What is being asked: Write out the listing below in its entirety, minus the pictures, without changing a word.

Source material:
○ ○ ○ ○

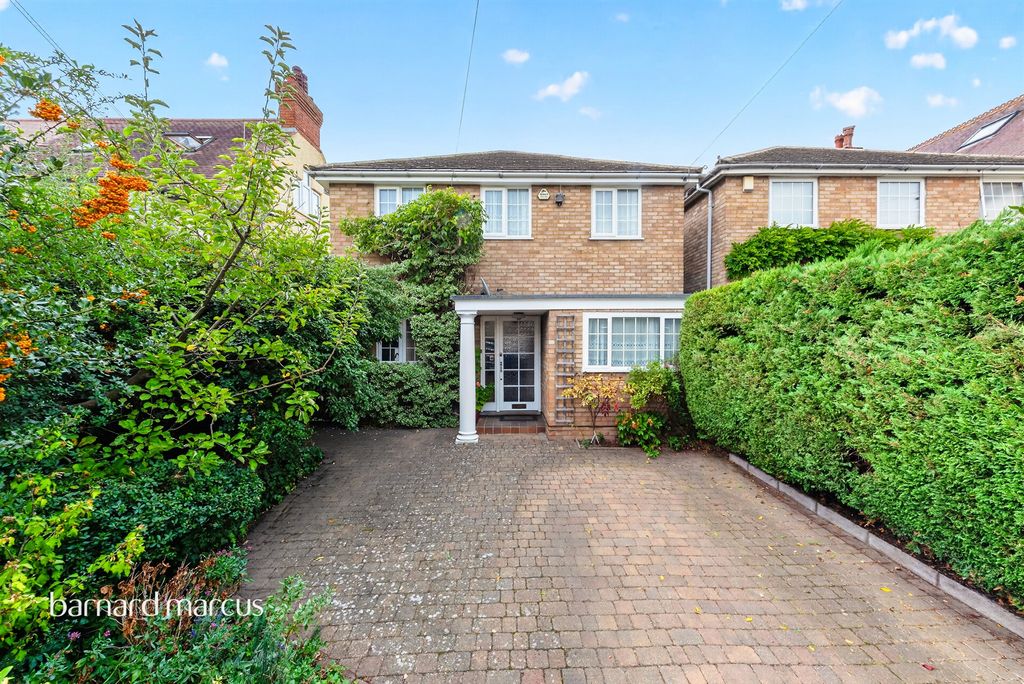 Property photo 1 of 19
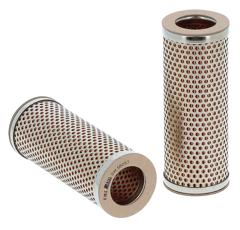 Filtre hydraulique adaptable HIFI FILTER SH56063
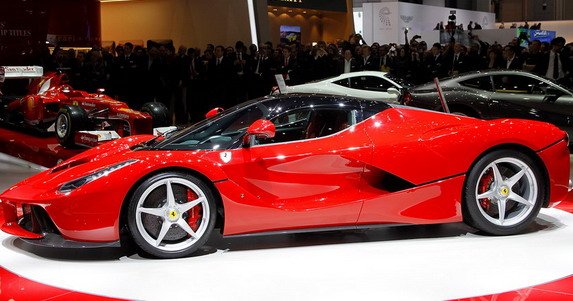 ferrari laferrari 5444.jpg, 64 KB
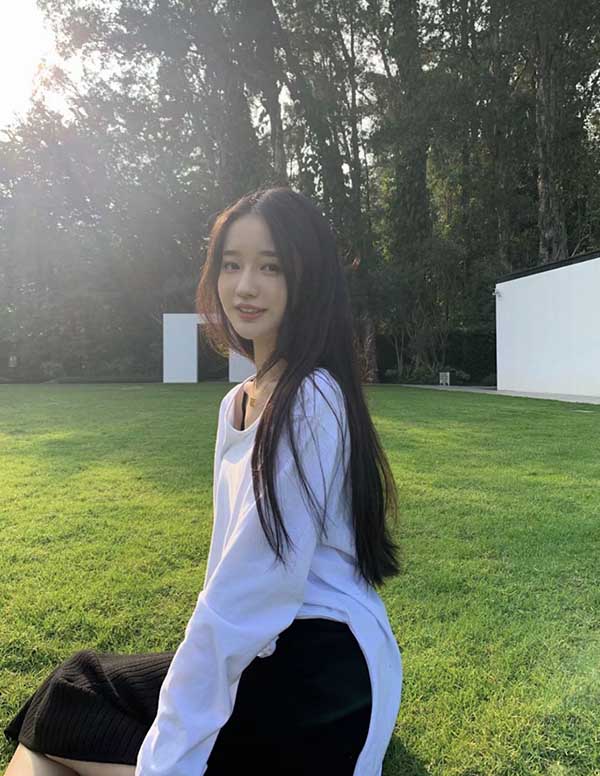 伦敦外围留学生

○ ○ ○ ○

Response area:
 Property photo 1 of 19
 Filtre hydraulique adaptable HIFI FILTER SH56063
 ferrari laferrari 5444.jpg, 64 KB
 伦敦外围留学生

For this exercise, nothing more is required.